_Data shown_.
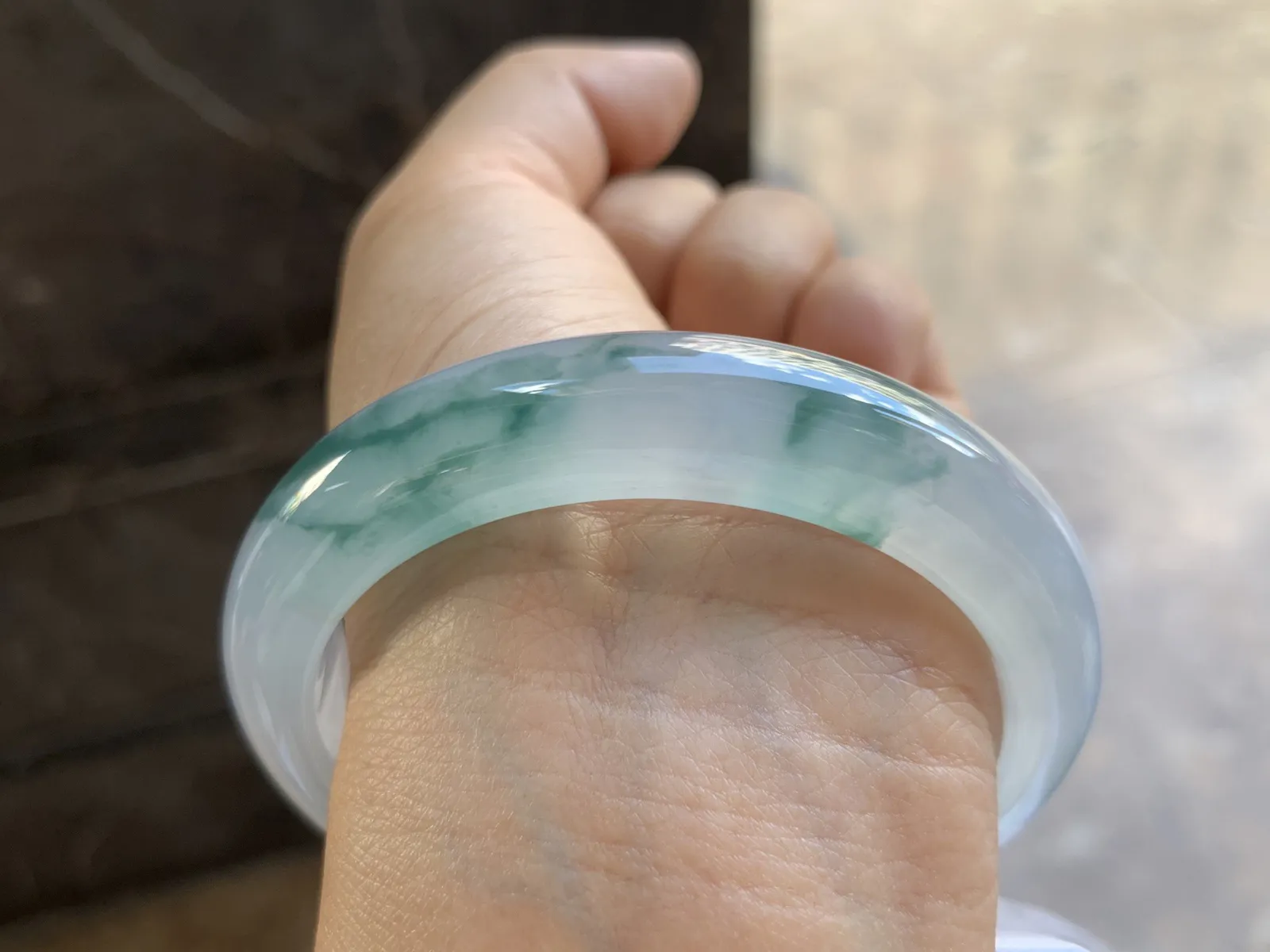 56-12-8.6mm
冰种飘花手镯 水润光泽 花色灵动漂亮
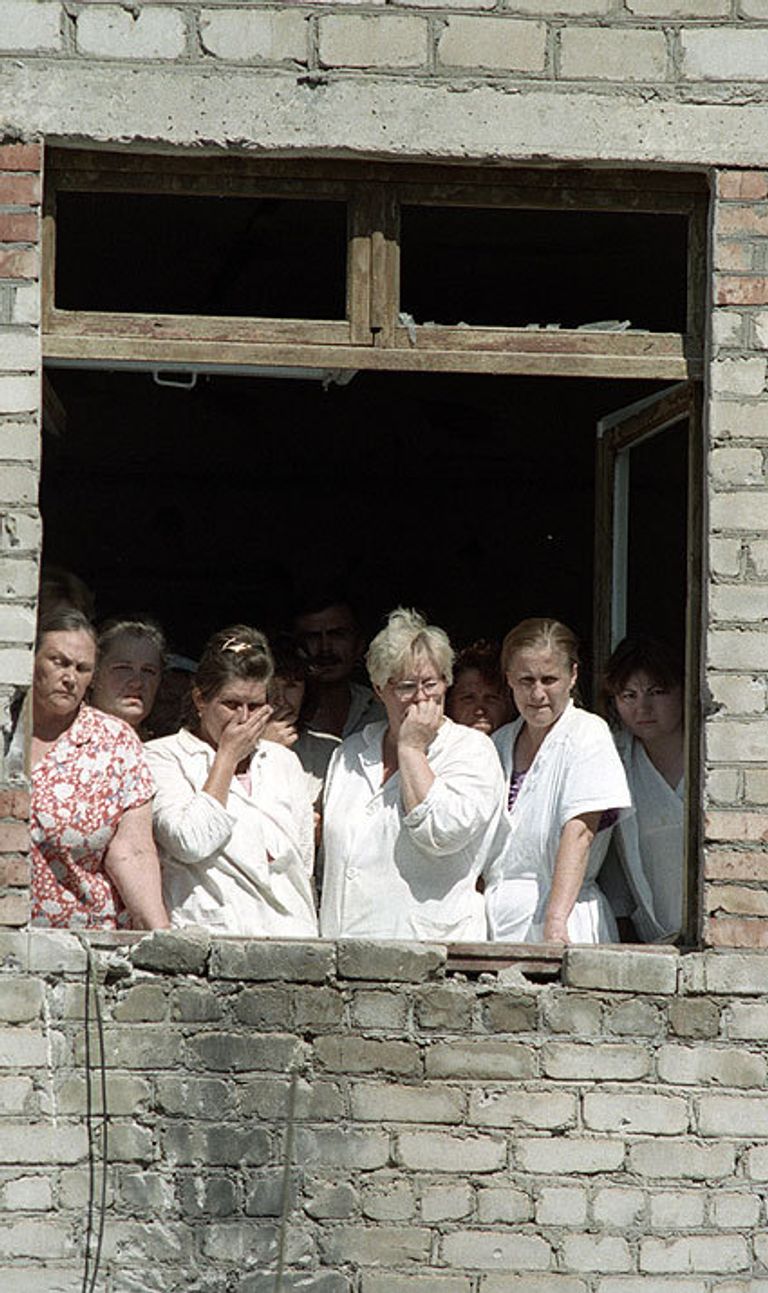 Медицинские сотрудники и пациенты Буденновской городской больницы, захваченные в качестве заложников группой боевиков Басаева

_Work to be completed_.
Would you reproduce the listing above in full and exactly, without its pictures?

_Response area_.
 56-12-8.6mm
冰种飘花手镯 水润光泽 花色灵动漂亮
 Медицинские сотрудники и пациенты Буденновской городской больницы, захваченные в качестве заложников группой боевиков Басаева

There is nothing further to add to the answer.